Compute the last digit of 2^2004

1. Jan 12, 2005

danne89

Grettings! I've seen this on many competetions. You would need to use some logarithms, I've figured out. But then... Modula (or what is it, you know %). But I can't use it, and when I browsed mathweb, they babbeled something about rings. Maybe I need to check that out first. I donno.

2. Jan 12, 2005

dextercioby

What is your question??The one from the title?If so,the answer is not hard to get,and got forbid,it doesn't involve any logarithms.
Without getting too technical (the answer involves "modulo 4"),try to get a pattern for finding the last rot of the natural powers of 2.Try for the first ones.
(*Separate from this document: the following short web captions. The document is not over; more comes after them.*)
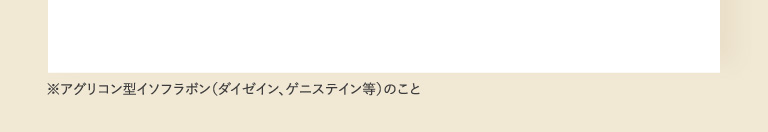 ※アグリコン型イソフラボン（ダイゼイン、ゲニステイン等）のこと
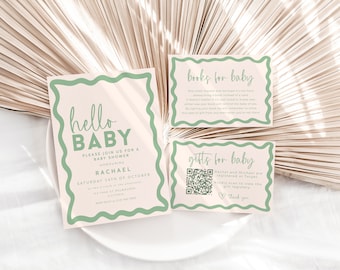 Wavy Baby Shower Invitation Bundle, Books for Baby, Gift Registry, Editable Template, Gender Neutral Printable Sage Green DOWNLOAD BB36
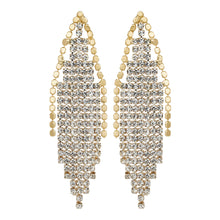 Load image into Gallery viewer, TRIBAL ZONE SHIMMER STUNNING DANGLERS GOLDEN EARRING (PARTY WAER)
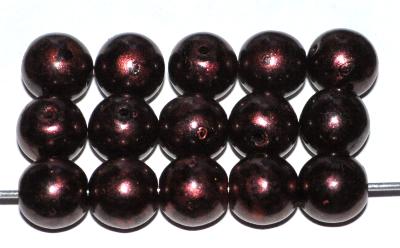 Glasperlen rund
 metallic finish aubergine,
 hergestellt in Gablonz / Tschechien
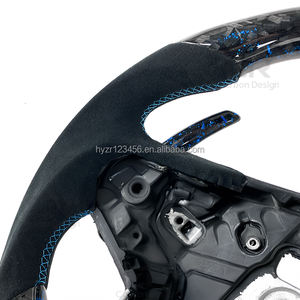 Volant en suède et fibre de carbone forgée personnalisé pour Toyota 29 <span class=keywords><strong>Db</strong></span> A90 Gr Supra avec affichage LED et palettes de changement de vitesse - Product Image 5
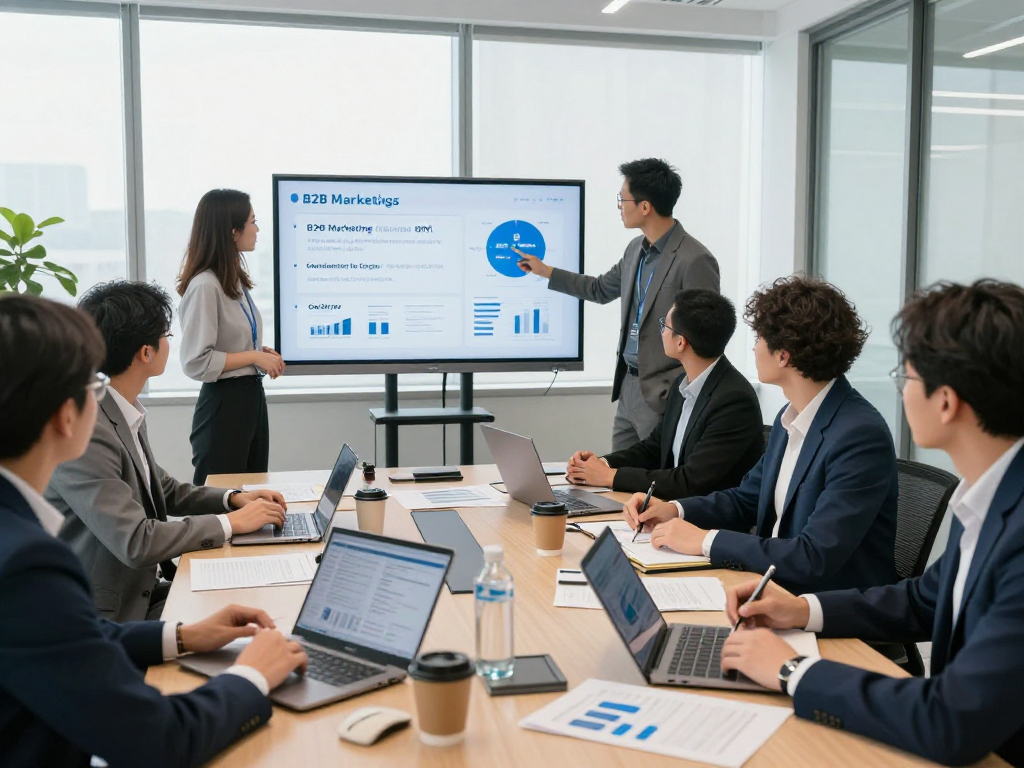 Wissen / Blog-Hub über effektive B2B-Strategien und DSGVO-Compliance in einem modernen Büro.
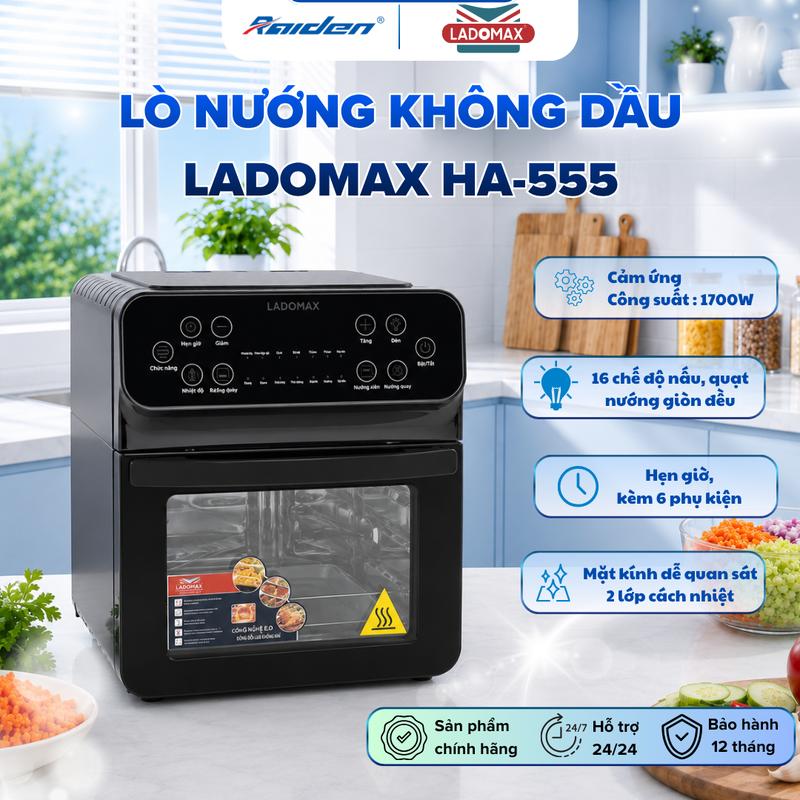 Nồi Chiên Không Dầu LADOMAX HA-555 16L – 1700W – Cảm Ứng – 16 Chế Độ – Đối Lưu – Quay Gà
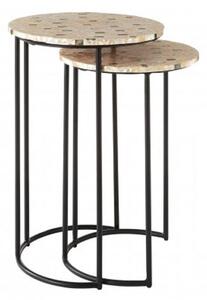 Hallo Mother Pearl Top Set Of 2 Side Tables In Assorted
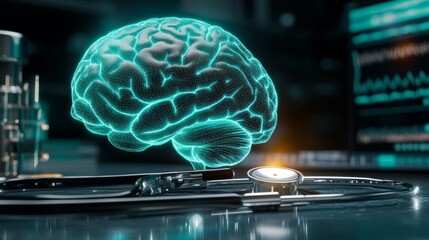 Obraz premium Innovative health technology solutions for brain wellness in medical facilities digital environment 3d visualization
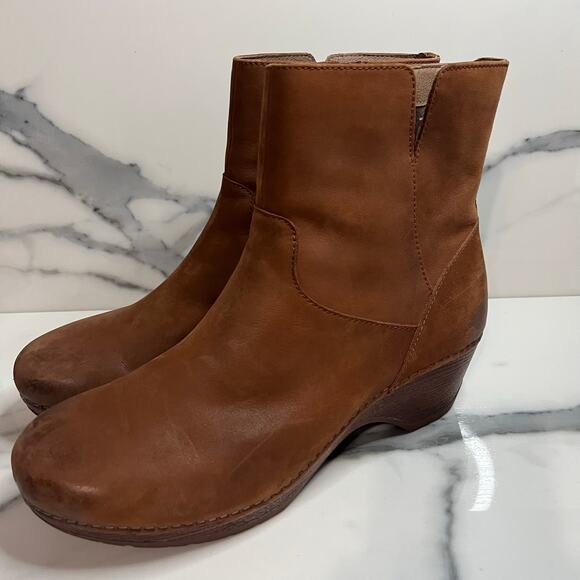 Dansko NWOB Women's Brown Leather Meghan Boots Sz 41 Sz 10.5 Festival Boho Clogs - Picture 3 of 7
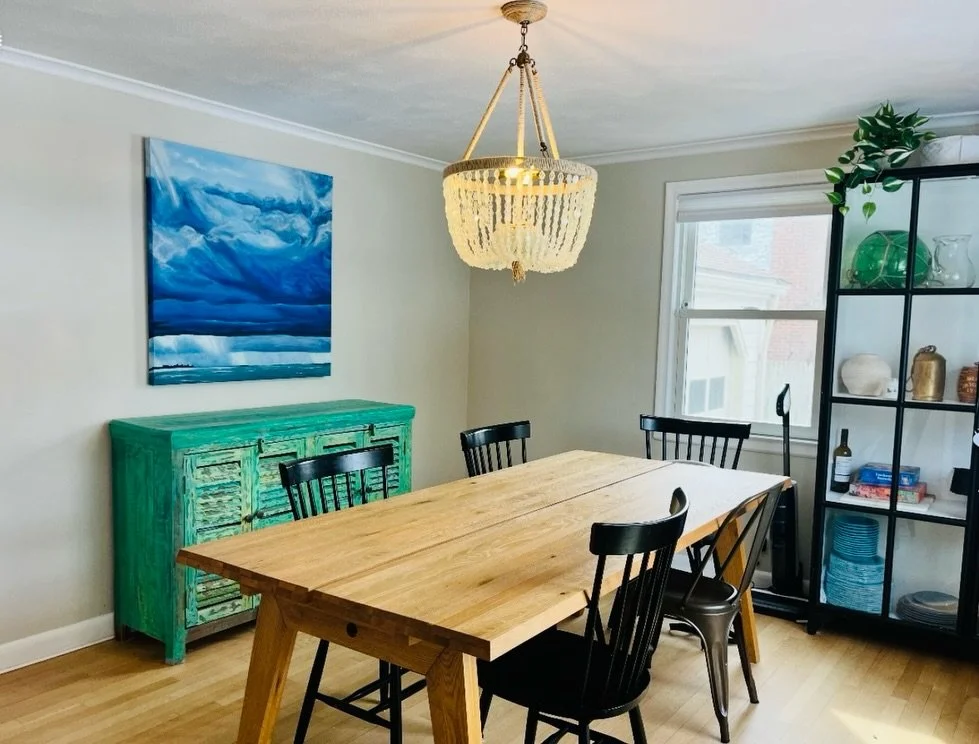 I love seeing where my paintings go to live&hellip; this young couple sent me a photo (Thank You!) because they are enjoying it, along with a drawing their child did with my art in it &amp; including the mother vacuuming. 🎨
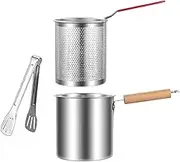 Generic Deep Fryer Pot, Easy to Clean Practical Sturdy Stainless Steel Deep Frying Pot with Strainer Basket for Chicken French Fries, with Tongs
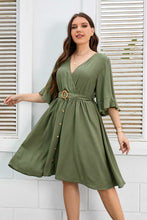 Load image into Gallery viewer, Plus Size Surplice Neck Half Sleeve Dress
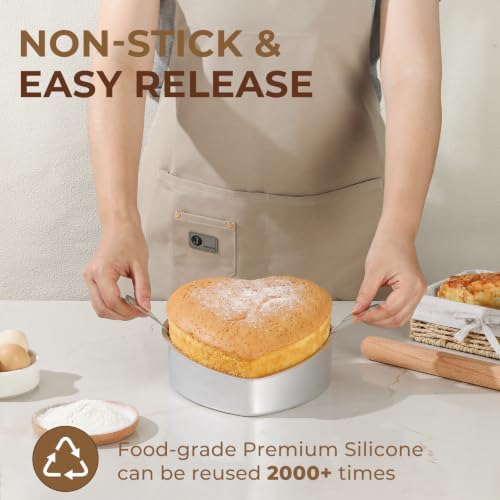 8 Inch Heart Shaped Cake Pan Set with Reusable Silicone Baking Mat（2 Pack）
A powerful software could give you the answer.The number doesn't have more than 700 digits...

Daniel.

Last edited: Jan 12, 2005
3. Jan 12, 2005

arildno

Note that we can find the folllowing pattern for the last digit:
$$2^{1}=2\to2$$
$$2^{2}=4\to4$$
$$2^{3}=8\to8$$
$$2^{4}=16\to6$$

$$2^{5}=32\to2$$
$$2^{6}=64\to4$$
And so on.
That is every fourth number will have the same ending digit.
Does that give you an idea as how to solve this?

4. Jan 12, 2005

danne89

Surely, just divide with the period.

Edit: No, I'm still stuck. :(

Last edited: Jan 12, 2005
5. Jan 12, 2005

dextercioby

Mathematicians like to say that 4=0(modulo 4).In your case,2004 divided by four gives the rest "0".But it's just like giving the rest 4,since u divided by 4.Therefore,draw the conclusion.

Daniel.

6. Jan 12, 2005

BobG

Try this. Multiply 2 times 2. That gives you 4. Multiply 4 times 2. That gives you eight. Multiply 8 times 2. The last digit is 6. Multiply that by 2 (once again, only worrying about the last digit).

How long until the sequence repeats itself (is this what they meant by 'rings'?). In this case, you have 4 members - 2, 4, 8, 6.

Number each member. 2 is 1. 4 is 2. 8 is 3. 6 is 0.

Modulo divide your exponent by the number of members in your ring. In this case, by 4. You only worry about the remainder. The remainder in this case is 0, so the number ends in a 6.

You can do this with other numbers, as well.

7. Jan 12, 2005

danne89

How did you ordered them?

Last edited: Jan 12, 2005
8. Jan 12, 2005

dextercioby

Well done... :tongue2: With a little bit of red wine...

In the order given by consecutive ascending of natural powers of 2.

Daniel.

9. Jan 12, 2005

danne89

Thanks. I got it.

10. Jan 12, 2005

Tom McCurdy

Take the 2^n
divide n by 4
if you get remandier of
one it is 2
two it is four
three it is eight
none it is 6

I believe

quick test

2^9=
9/4 = 2 R of 1 which would make last digit a two
2^9= 512